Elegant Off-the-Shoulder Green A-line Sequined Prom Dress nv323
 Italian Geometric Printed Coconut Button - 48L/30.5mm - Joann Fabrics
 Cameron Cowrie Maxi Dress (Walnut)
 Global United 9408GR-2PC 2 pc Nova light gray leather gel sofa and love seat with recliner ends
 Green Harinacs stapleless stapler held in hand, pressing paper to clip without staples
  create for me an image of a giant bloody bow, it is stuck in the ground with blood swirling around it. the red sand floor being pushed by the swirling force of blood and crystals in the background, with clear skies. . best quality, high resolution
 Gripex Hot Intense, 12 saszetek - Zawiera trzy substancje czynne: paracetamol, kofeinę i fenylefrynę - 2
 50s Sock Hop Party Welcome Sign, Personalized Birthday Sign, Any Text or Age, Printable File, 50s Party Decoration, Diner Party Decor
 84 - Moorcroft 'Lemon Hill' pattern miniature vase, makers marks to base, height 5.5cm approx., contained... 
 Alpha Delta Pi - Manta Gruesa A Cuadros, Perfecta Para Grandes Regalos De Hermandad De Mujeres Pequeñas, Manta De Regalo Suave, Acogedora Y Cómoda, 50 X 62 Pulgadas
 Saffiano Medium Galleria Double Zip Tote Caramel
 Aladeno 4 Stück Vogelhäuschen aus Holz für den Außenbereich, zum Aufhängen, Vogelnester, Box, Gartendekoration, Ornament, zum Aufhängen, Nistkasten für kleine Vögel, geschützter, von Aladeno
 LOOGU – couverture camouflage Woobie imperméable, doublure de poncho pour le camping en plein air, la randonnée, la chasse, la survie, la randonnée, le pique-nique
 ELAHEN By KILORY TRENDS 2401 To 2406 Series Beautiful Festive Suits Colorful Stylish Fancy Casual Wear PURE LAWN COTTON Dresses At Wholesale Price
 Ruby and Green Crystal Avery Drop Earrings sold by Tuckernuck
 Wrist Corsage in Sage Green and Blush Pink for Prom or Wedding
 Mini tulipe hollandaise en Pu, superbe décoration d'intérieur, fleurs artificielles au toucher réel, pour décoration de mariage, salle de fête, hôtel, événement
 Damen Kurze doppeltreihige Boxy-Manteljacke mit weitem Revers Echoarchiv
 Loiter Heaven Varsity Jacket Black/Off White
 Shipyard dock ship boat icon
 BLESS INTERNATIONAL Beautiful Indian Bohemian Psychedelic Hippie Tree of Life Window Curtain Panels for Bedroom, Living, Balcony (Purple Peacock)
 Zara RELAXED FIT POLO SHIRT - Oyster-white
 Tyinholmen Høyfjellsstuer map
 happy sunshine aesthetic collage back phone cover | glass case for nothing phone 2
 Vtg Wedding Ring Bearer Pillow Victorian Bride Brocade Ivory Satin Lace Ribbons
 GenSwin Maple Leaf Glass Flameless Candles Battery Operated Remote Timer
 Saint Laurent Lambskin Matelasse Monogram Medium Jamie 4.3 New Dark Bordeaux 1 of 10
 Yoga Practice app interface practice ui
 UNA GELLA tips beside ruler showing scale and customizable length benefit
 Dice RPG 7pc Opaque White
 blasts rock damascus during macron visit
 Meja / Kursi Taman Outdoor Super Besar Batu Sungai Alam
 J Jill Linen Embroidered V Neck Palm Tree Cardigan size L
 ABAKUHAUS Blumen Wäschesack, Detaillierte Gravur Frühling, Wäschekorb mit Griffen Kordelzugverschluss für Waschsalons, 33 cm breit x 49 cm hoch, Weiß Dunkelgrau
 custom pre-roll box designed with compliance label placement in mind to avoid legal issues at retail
________________________
§ **Problem to work on**
Starting at the line where "Meja / Kursi" appears, write out every line exactly as it stands until the listing ends, and add nothing.

§ **Result below**
 Meja / Kursi Taman Outdoor Super Besar Batu Sungai Alam
 J Jill Linen Embroidered V Neck Palm Tree Cardigan size L
 ABAKUHAUS Blumen Wäschesack, Detaillierte Gravur Frühling, Wäschekorb mit Griffen Kordelzugverschluss für Waschsalons, 33 cm breit x 49 cm hoch, Weiß Dunkelgrau
 custom pre-roll box designed with compliance label placement in mind to avoid legal issues at retail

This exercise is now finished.